Fracking could be behind startling increase in US methane surge, experts say

Rapid rise in the global-warming gas, 86 times more powerful than CO2, is spotted by satellites

Geoffrey Lean
Saturday 05 March 2016 22:52
Some  studies show that many fracking operations are emitting much more methane than has been officially recognised
Some studies show that many fracking operations are emitting much more methane than has been officially recognised

Startling increases in one of the main pollutants that cause global warming have been unexpectedly discovered over the United States – and the main suspect is the country’s booming fracking industry.

New Harvard University research, drawing on satellite measurements, concludes that US emissions of methane – a much more powerful warming gas than carbon dioxide – have “increased by more than 30 per cent over the past decade”.

The researchers say they “cannot readily attribute” the rise to any particular source but point out that US production of shale gas increased nine times during the same period, while other studies show that many fracking operations are emitting much more methane than has been officially recognised.

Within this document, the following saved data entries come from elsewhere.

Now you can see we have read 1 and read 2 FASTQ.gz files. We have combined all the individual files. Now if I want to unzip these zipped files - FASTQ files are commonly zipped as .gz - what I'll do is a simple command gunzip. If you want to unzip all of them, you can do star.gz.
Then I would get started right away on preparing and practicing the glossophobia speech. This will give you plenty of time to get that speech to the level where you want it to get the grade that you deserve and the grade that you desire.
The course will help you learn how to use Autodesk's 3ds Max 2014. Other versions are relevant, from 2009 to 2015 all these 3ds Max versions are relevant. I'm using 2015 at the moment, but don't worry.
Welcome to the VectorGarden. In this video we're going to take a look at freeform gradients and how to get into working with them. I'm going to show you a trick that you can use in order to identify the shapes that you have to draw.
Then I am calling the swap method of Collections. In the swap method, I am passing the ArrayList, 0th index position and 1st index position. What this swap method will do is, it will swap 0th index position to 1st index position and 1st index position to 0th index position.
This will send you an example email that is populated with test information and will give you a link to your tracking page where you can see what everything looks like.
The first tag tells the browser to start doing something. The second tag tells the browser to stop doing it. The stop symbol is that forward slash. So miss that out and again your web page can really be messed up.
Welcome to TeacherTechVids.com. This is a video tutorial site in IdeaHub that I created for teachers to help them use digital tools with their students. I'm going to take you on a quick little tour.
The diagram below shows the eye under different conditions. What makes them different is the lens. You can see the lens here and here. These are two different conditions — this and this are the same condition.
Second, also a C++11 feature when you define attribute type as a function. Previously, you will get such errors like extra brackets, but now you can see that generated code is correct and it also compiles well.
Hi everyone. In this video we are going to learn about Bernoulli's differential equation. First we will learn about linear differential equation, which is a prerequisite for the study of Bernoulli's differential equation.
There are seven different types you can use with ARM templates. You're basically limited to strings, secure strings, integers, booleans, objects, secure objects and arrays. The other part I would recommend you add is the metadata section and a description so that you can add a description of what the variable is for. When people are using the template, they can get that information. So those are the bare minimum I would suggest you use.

If the extraction process proves to be the culprit, it will show that exploiting and burning shale gas has been much more potent in global warming even than using coal, severely undermining energy and climate-change strategies. Both the British and US governments have been banking on shale gas as a relatively clean fuel that would act as a “bridge” to the low carbon economy needed in the next few decades if the world is not to heat up uncontrollably.

Fracking sites across America have been targeted by environmental activists

Their policy is based on the fact that burning gas emits half as much CO2 as coal. But if large amounts of methane – 86 times more powerful in causing global warming – is emitted via fracking then this advantage will be negated, or overturned.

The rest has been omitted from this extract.